PROMPT: Skip any image you find and restate the rest of the data word for word.

(Image-caption web data)
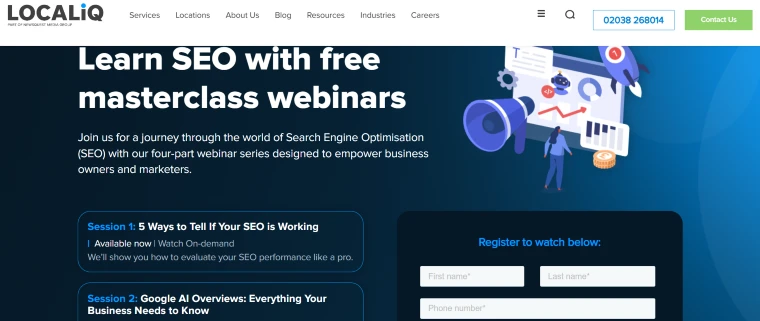 SEO Masterclass Series (LOCALiQ)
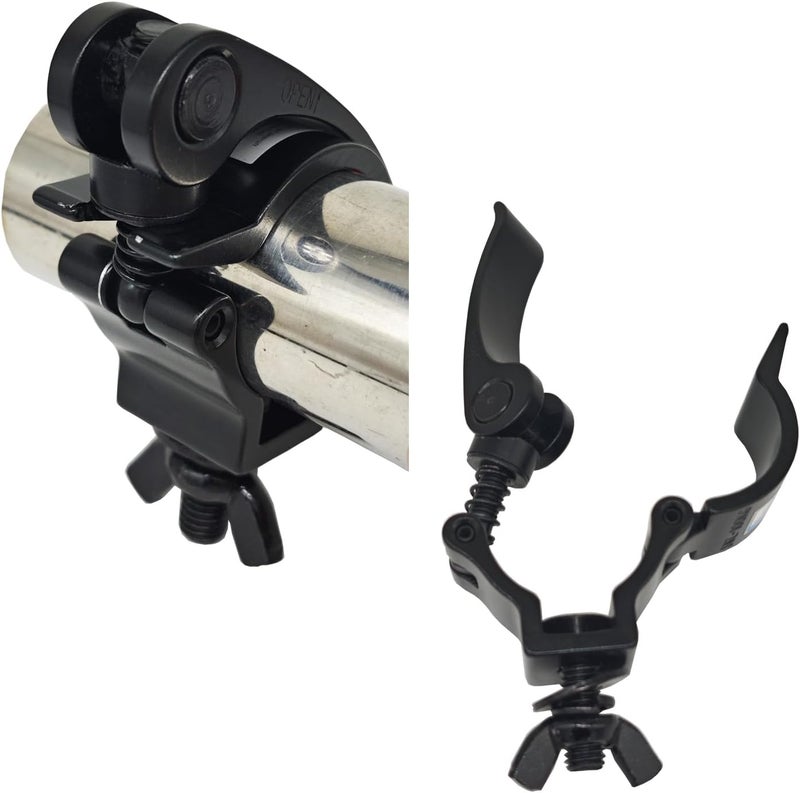 Douzime 2 Pack 1.49-1.57 inch Lighting Truss Clamp Stage Light Clamps Heavy Duty 220 Lbs for DJ Lighting Par Lights Spot Lights - Image 2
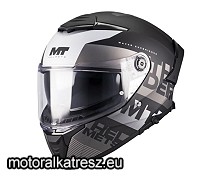 MT Thunder 4 SV WAVES B2 matt fekete-szürke bukósisak XS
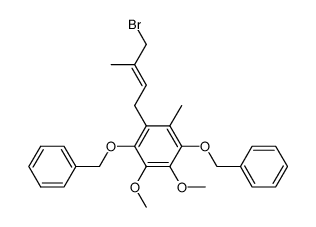 1,4-bis(benzyloxy)-2-[(2E)-4-bromo-3-methylbut-2-enyl]-5,6-dimethoxy-3-methylbenzene结构式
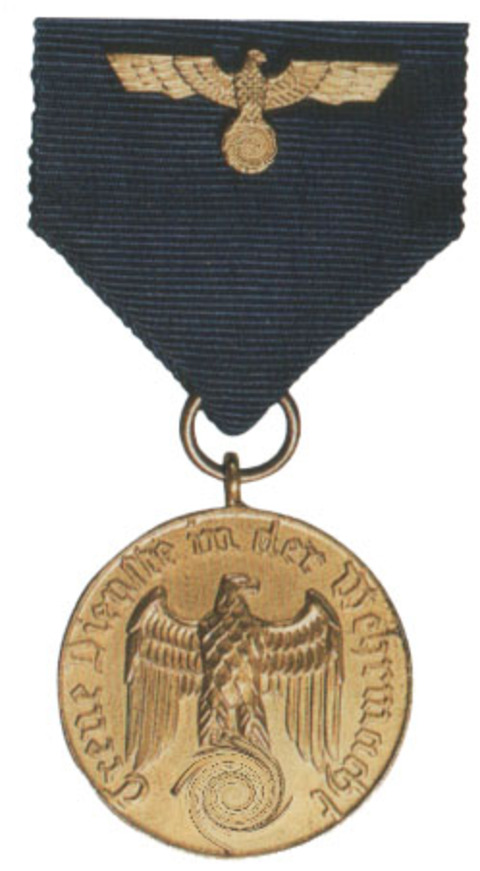 Dienstauszeichnung (DA) Heer und Marine - Medaille 3. Klasse für 12 Dienstjahre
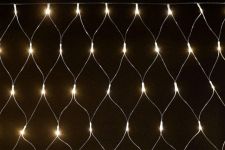 Гирлянда "Сеть" 1.5х1.5м 160LED тепл. бел. IP20 провод прозр. 230В с контроллером 8 режимов IEK LGDB410-1-160-L1-T-S-44 Гирлянда "Сеть" 1.5х1.5м 160LED тепл. бел. IP20 провод прозр. 230В с контроллером 8 режимов IEK LGDB410-1-160-L1-T-S-44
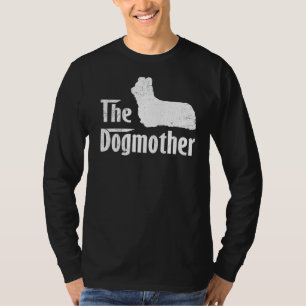 Skye Terrier Dog Mama Muttertag T-Shirt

EXERCISE SOLUTION:
 SEO Masterclass Series (LOCALiQ)
 Douzime 2 Pack 1.49-1.57 inch Lighting Truss Clamp Stage Light Clamps Heavy Duty 220 Lbs for DJ Lighting Par Lights Spot Lights - Image 2
 MT Thunder 4 SV WAVES B2 matt fekete-szürke bukósisak XS
 1,4-bis(benzyloxy)-2-[(2E)-4-bromo-3-methylbut-2-enyl]-5,6-dimethoxy-3-methylbenzene结构式
 Dienstauszeichnung (DA) Heer und Marine - Medaille 3. Klasse für 12 Dienstjahre
 Гирлянда "Сеть" 1.5х1.5м 160LED тепл. бел. IP20 провод прозр. 230В с контроллером 8 режимов IEK LGDB410-1-160-L1-T-S-44 Гирлянда "Сеть" 1.5х1.5м 160LED тепл. бел. IP20 провод прозр. 230В с контроллером 8 режимов IEK LGDB410-1-160-L1-T-S-44
 Skye Terrier Dog Mama Muttertag T-Shirt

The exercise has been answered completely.